Une seule chose paraît claire : l’Europe est divisée

Les critiques les plus féroces : chez les républicains et en Europe de l’Est.

  • On l’a dit, c’est surtout de l’autre côté de l’Atlantique – et particulièrement dans le camp républicain – que l’on a très mal digéré les propos de Macron. Avec en vitrine les mots on ne peut plus crus de Donald Trump : « Il a léché le cul de Xi Jinping ».
  • Mais en Europe aussi, certains responsables se sont désolidarisés des propos du président français. Principalement en Europe de l’Est, où le Premier ministre polonais Mateusz Morawieck a dénoncé une « erreur dramatique ».
    • “Vous ne pouvez pas protéger l’Ukraine aujourd’hui et demain en disant que Taïwan n’est pas votre affaire”, a-t-il notamment déploré.

La question : le gouvernement allemand sait-il vraiment ce qu’il veut ?

  • En Allemagne, il y a eu des mots très peu tendres dans le camp des chrétiens-démocrates de la CDU. Un député a notamment accusé Macron de « diviser et d’affaiblir l’Europe avec une rhétorique aussi naïve que dangereuse. »
    • Mais la CDU, bien qu’elle soit la deuxième plus grande force politique du pays, est aujourd’hui dans l’opposition après plus de quinze ans de gouvernance avec Angela Merkel en tête de gondole.
  • Quid du côté de la majorité, alors ? Une première flèche a été décochée par le député Metin Hakverdi, du SPD, le parti du chancelier Olaf Scholz.
    • « Macron recommence.
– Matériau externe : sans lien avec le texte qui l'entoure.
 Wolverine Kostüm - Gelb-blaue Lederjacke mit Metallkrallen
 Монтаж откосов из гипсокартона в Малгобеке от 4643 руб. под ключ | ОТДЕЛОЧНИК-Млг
Il s’exprime à Pékin sans aucune autorisation de l’UE. Il organisera alors certainement des garanties de sécurité pour l’Ukraine tout seul », a-t-il réagi, ajoutant qu’il s’agissait « d’une grave erreur pour l’Occident que de se laisser diviser dans ses relations avec Pékin. »
  • Son de cloche un peu moins vigoureux, mais somme toute similaire du côté du ministre de la Défense Boris Pistorius, lui aussi du SPD et premier membre du gouvernement à réagir publiquement sur le sujet.
    • « Nous n’avons jamais été en danger d’être ou de devenir un vassal des États-Unis », a-t-il assuré, en référence au fait que Macron a déclaré qu’être un « allié » ne voulait pas dire être un « vassal. »
    • « J’ai trouvé cette déclaration malheureuse », a ajouté Pistorius. « Cela ne nous aide pas de nous diviser ou de nous laisser diviser sur des positions différentes. À la fin, cela aide seulement la politique étrangère chinoise ».
  • Olaf Scholz n’a quant à lui pas encore commenté publiquement la polémique.
  • On notera que Baerbock n’est pas du même parti. Elle fait partie des Verts, la troisième force politique allemande.
  • Les libéraux du FDP, le troisième membre de la tripartite au pouvoir, sont quant à eux restés discrets sur le sujet.